Tuesday, February 1, 2011

Kevin Smith Biting the Hand that Feeds Him

With Sundance 2011 having come to a close last weekend in Park City, Utah, a new crop of ingénues, promising filmmakers and celebrated films have emerged. The Sundance Film Festival, which began in 1978 as pioneered by Robert Redford, has evolved from merely being a haven for indie film buffs into a weeklong party fueled by films. Celebrities descend on the small ski town each year in January to promote their films and pick up some free swag and attend some well-funded parties in the process.

Because of the spectacle, for one week each year Park City becomes the hub for the entertainment world. With the cluster of marquee names in town, there is always a flurry of stories to come out. One of the biggest this year started long before anyone arrived in Utah. Director Kevin Smith was making headlines before 2011 even dawned due to the promise of auctioning off his newest effort Red State, a horror movie about right wing fundamentalists and horny teenagers, at its festival screening. He outlined the idea online:

"Here's something that's not so much news as my stated intentions for RED STATE: if it gets into Sundance, my plan is to pick the RED STATE distributor right there -- IN THE ROOM -- auction style. Might even bring up a professional auctioneer to make it fun and unintelligible. And if you're a multi-millionaire who can't make it to the first screening of RED STATE, fear not: maybe we'll set up an eBay page for the post-screening bid-calling as well."

With the exception of Cop Out, where he was basically a hired hand, and Mallrats, Smith has spent his entire career under the wing (or as some might say, iron fist) of the Weinstein brothers. Over the course of his career, Smith has seen modest returns on his films thanks to a rabid, devoted fan boy base. Nevertheless, he has become bitter and unhappy with his chosen industry. Much of his ire has been directed at the fact that film companies spend almost as much money to market a film as it does to produce it.

But his openness, which is what endeared him to many of his fans initially, has given away to pointing the fingers at everyone except himself. Even though his movies have been middling, at best, over the last few years, he seems to think that critics are too hard on his films.
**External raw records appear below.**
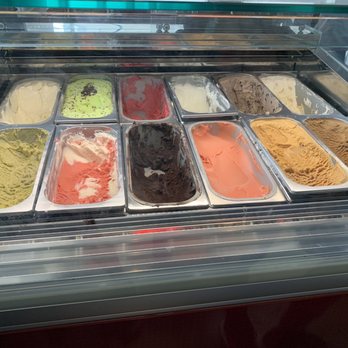 Illy Caffe - Gelato - Cafes Near Me - New York, New York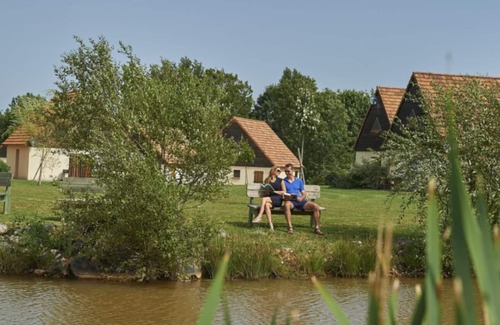 Lacapelle-Marival Villa | Le Lac Bleu - Villa 6-8 pers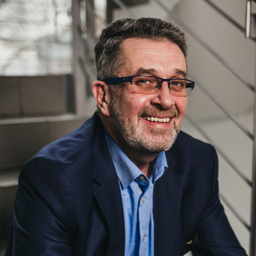 Prof. Dr. Holger Naduschewski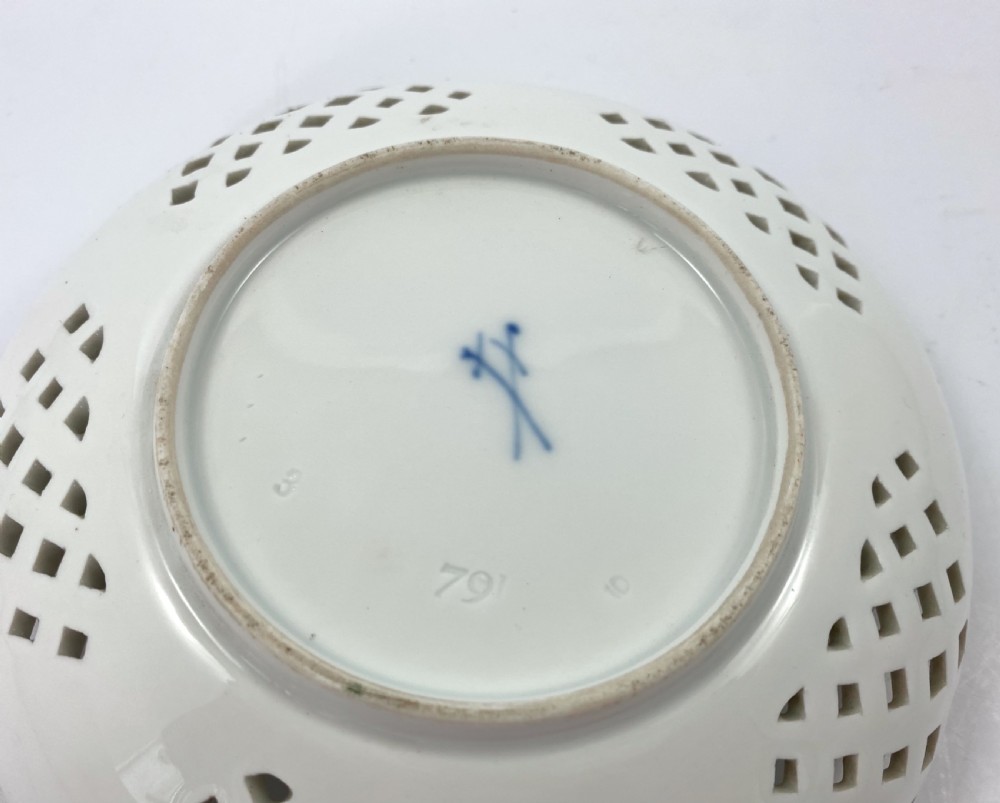 Meissen porcelain reticulated basket, c. 1880. View VI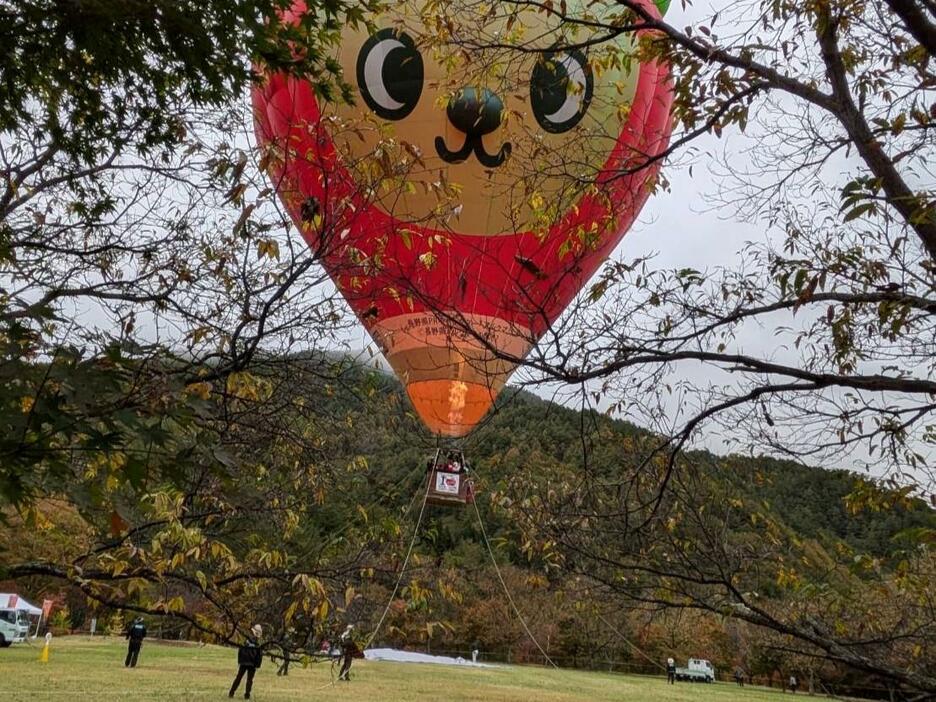 東小学校の児童を乗せて上がる気球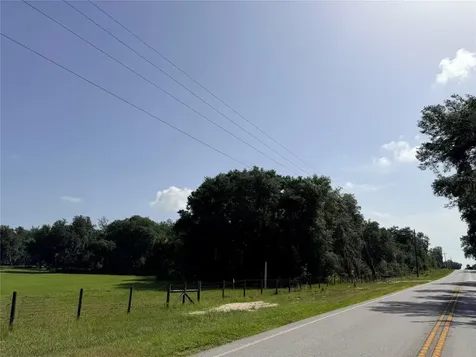 24601 SE Highway 42 Umatilla FL 32784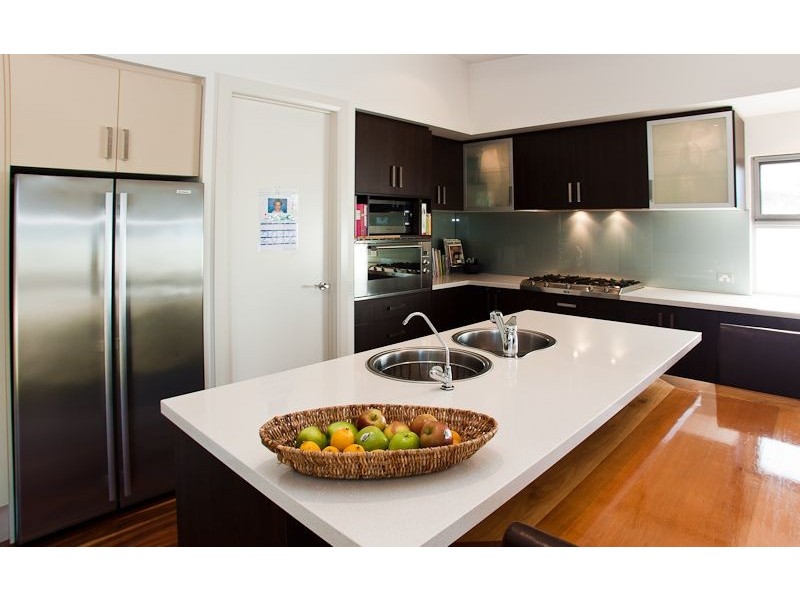 9 Hollywood Crescent, Smiths Beach VIC 3922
To promote Red State, don’t expect to see any articles with Smith -- he’s not doing any because the press gets information incorrect.

According to a message on his Twitter feed, Smith said, "I'm not press-junketing at all, anywhere… In fact, I'm not doing any press outside of maybe a business piece or 2 to help sell the flick if needed, & radio (LOTS of radio)."

However, how did word get out of about the auction? Well, of course it was picked up (I presume accurately) by the mainstream media. Smith’s well placed publicity stunt created a frenzy with many people anticipating the screening and the chaos that could follow. But it was for naught because the filmmaker ended up selling Red State to himself for $20.00. Again, the media has run with the story and information about his Red State U.S.A. Tour that kicks off in March. The most ironic part of his media blackout is that his wife is a former journalist with the USA Today.

Perhaps this whole plan might be better received if the word out of Park City about Red State wasn’t mixed at best. Hollywood and fans give auteurs plenty of rope because the products they release is worth the eccentricities. But Smith hasn’t quite lived up to the hype that early films like Clerks, Chasing Amy, and Dogma promised. Rather Smith comes across as a spoiled filmmaker who has an average gross $22.6 million dollars and feels that people should bend over and worship him. He’s already made an announcement that after one more film, he will be retiring from directing and it may not be a moment too soon because you can only bite the hand that feeds you so many times before it fights back.